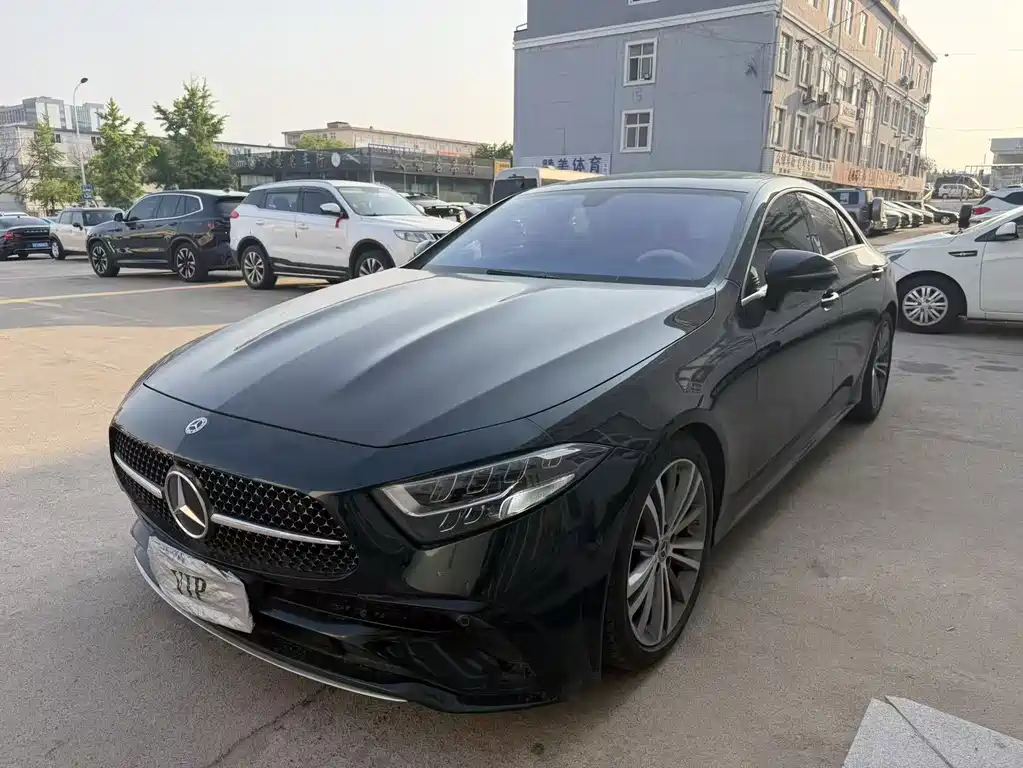 Mercedes-Benz CLS 2022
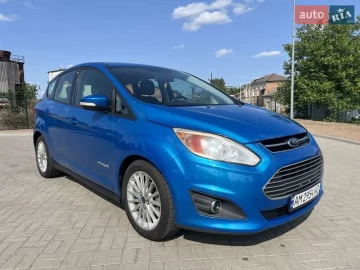 Авто Ford C-Max 2013 № 7807565
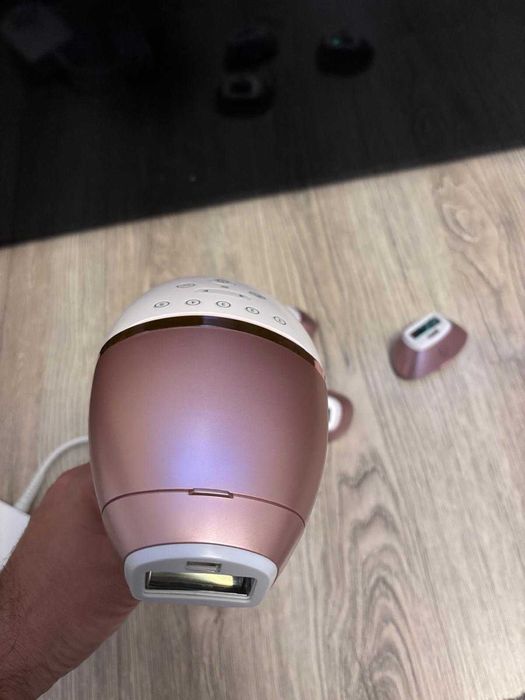 Epilator IPL Philips Lumea nou, nefolosit!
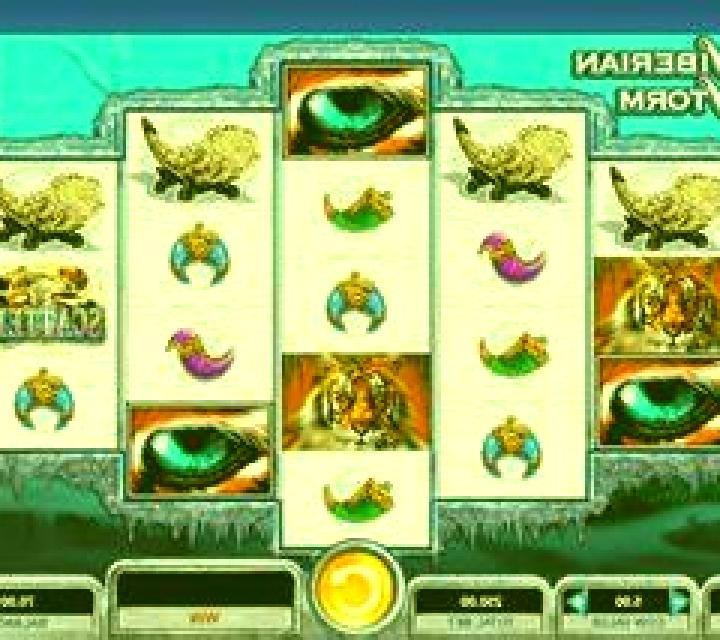 White Orchid slot machine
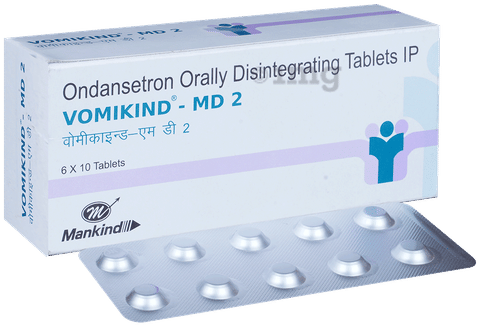 Vomikind-MD 2 Tablet image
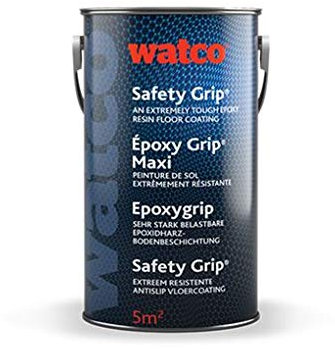 Watco Epoxygrip (Ziegelrot)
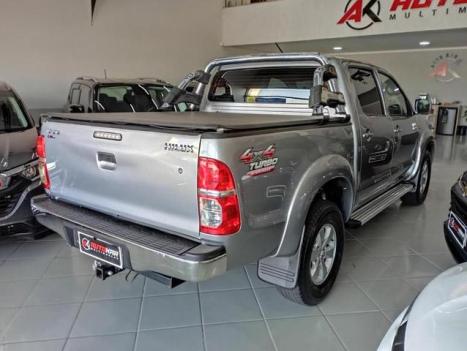 TOYOTA Hilux Caminhonete 3.0 4P 4X4 DIESEL CABINE DUPLA, Foto 8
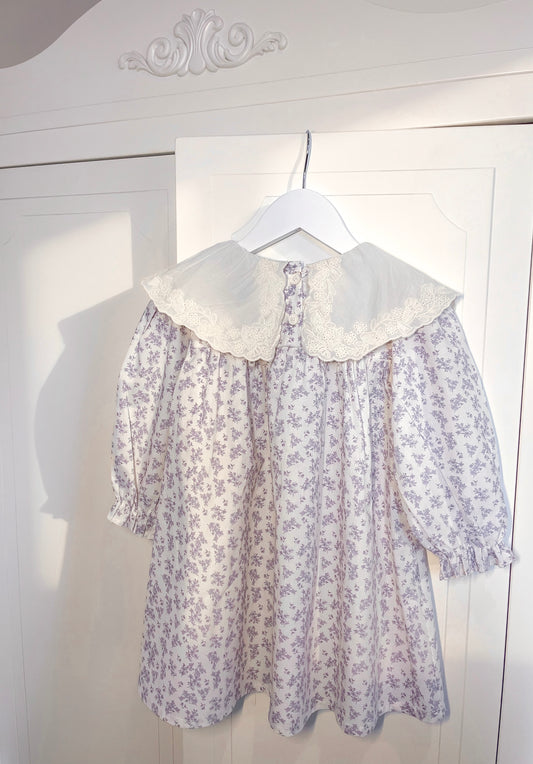 Belle Prairie - Wild Lavender Dress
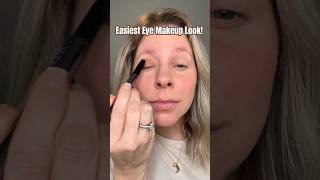 Easiest Eye Makeup for Everyday [upl. by Maude]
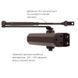 RYOBI D-1554 DARK BRONZE Дотягувач накладний STD_ARM EN_2/3/4 до_80кг 1100мм 29615 фото 2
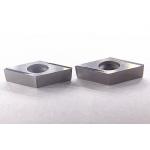 Customized Size Cermet Turning Inserts High Impact Resistant Free Sample for sale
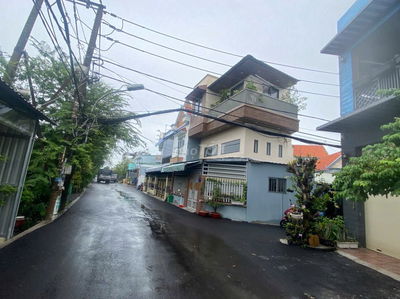 Đất gần Đ. Nguyễn Bình - 252m2 - Gần sông - Hẻm xe hơi - Xây tự do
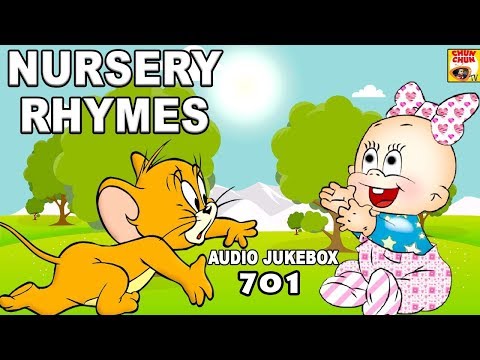 Chubby Cheeks | And Top 16 Most Popular Nursery Rhymes | Jukebox Vol. 1 | By ChunChun TV |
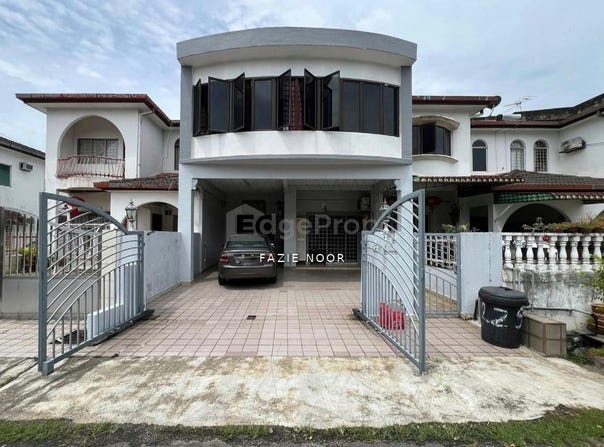 Jalan SJ 18c, Selayang, Selangor 68100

* **Brief**:
Please reproduce the listing exactly, leaving out any pictures.

* **Written answer**:
 Mercedes-Benz CLS 2022
 Авто Ford C-Max 2013 № 7807565
 Epilator IPL Philips Lumea nou, nefolosit!
 White Orchid slot machine
 Vomikind-MD 2 Tablet image
 Watco Epoxygrip (Ziegelrot)
 TOYOTA Hilux Caminhonete 3.0 4P 4X4 DIESEL CABINE DUPLA, Foto 8
 Belle Prairie - Wild Lavender Dress
 Easiest Eye Makeup for Everyday [upl. by Maude]
 RYOBI D-1554 DARK BRONZE Дотягувач накладний STD_ARM EN_2/3/4 до_80кг 1100мм 29615 фото 2
 Customized Size Cermet Turning Inserts High Impact Resistant Free Sample for sale
 Đất gần Đ. Nguyễn Bình - 252m2 - Gần sông - Hẻm xe hơi - Xây tự do
 Chubby Cheeks | And Top 16 Most Popular Nursery Rhymes | Jukebox Vol. 1 | By ChunChun TV |
 Jalan SJ 18c, Selayang, Selangor 68100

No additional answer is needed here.